Most of the complexity will be hidden inside the library, though
The library will construct an object graph that is used heavily inside. Some clients of the library will only be interested in specific attributes of specific objects, while other clients must traverse the object graph in some way
Clients may change the objects, and the library must be notified thereof
The library may change the objects, and the client must be notified thereof, if it already has a handle to that object
The library must be multi-threaded, because it will maintain network connections to several other hosts
While some requests to the library may be handled synchronously, many of them will take too long and must be processed in the background, and notify the client on success (or failure)
Of course, answers are welcome no matter if they address my specific requirements, or if they answer the question in a general way that matters to a wider audience!
My assumptions, so far
So here are some of my assumptions and conclusions, which I gathered in the past months:
Internally I can use whatever I want, e.g. C++ with operator overloading, multiple inheritance, template meta programming... as long as there is a portable compiler which handles it (think of gcc / g++)

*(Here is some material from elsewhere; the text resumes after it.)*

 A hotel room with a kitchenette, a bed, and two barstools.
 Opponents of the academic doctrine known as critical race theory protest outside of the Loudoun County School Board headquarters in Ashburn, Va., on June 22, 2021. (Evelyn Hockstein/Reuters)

But my interface has to be a clean C interface that does not involve name mangling
Also, I think my interface should only consist of functions, with basic/primitive data types (and maybe pointers) passed as parameters and return values
If I use pointers, I think I should only use them to pass them back to the library, not to operate directly on the referenced memory
For usage in a C++ application, I might also offer an object oriented interface (Which is also prone to name mangling, so the App must either use the same compiler, or include the library in source form)
Is this also true for usage in C# ?
For usage in Java SE / Java EE, the Java native interface (JNI) applies. I have some basic knowledge about it, but I should definitely double check it.
Not all client languages handle multithreading well, so there should be a single thread talking to the client
For usage on Java ME, there is no such thing as JNI, but I might go with Nested VM
For usage in Bash scripts, there must be an executable with a command line interface
For the other client languages, I have no idea
For most client languages, it would be nice to have kind of an adapter interface written in that language. I think there are tools to automatically generate this for Java and some others
For object oriented languages, it might be possible to create an object oriented adapter which hides the fact that the interface to the library is function based - but I don't know if its worth the effort
Possible subquestions
is this possible with manageable effort, or is it just too much portability?
are there any good books / websites about this kind of design criteria?
are any of my assumptions wrong?
which open source libraries are worth studying to learn from their design / interface / souce?
meta: This question is rather long, do you see any way to split it into several smaller ones? (If you reply to this, do it as a comment, not as an answer)
Mostly correct. Straight procedural interface is the best. (which is not entirely the same as C btw(**), but close enough)
I interface DLLs a lot(*), both open source and commercial, so here are some points that I remember from daily practice, note that these are more recommended areas to research, and not cardinal truths:
Watch out for decoration and similar "minor" mangling schemes, specially if you use a MS compiler. Most notably the stdcall convention sometimes leads to decoration generation for VB's sake (decoration is stuff like #6 after the function symbol name)
Not all compilers can actually layout all kinds of structures:
so avoid overusing unions.
avoid bitpacking
and preferably pack the records for 32-bit x86. While theoretically slower, at least all compilers can access packed records afaik, and the official alignment requirements have changed over time as the architecture evolved
On Windows use stdcall. This is the default for Windows DLLs. Avoid fastcall, it is not entirely standarized (specially how small records are passed)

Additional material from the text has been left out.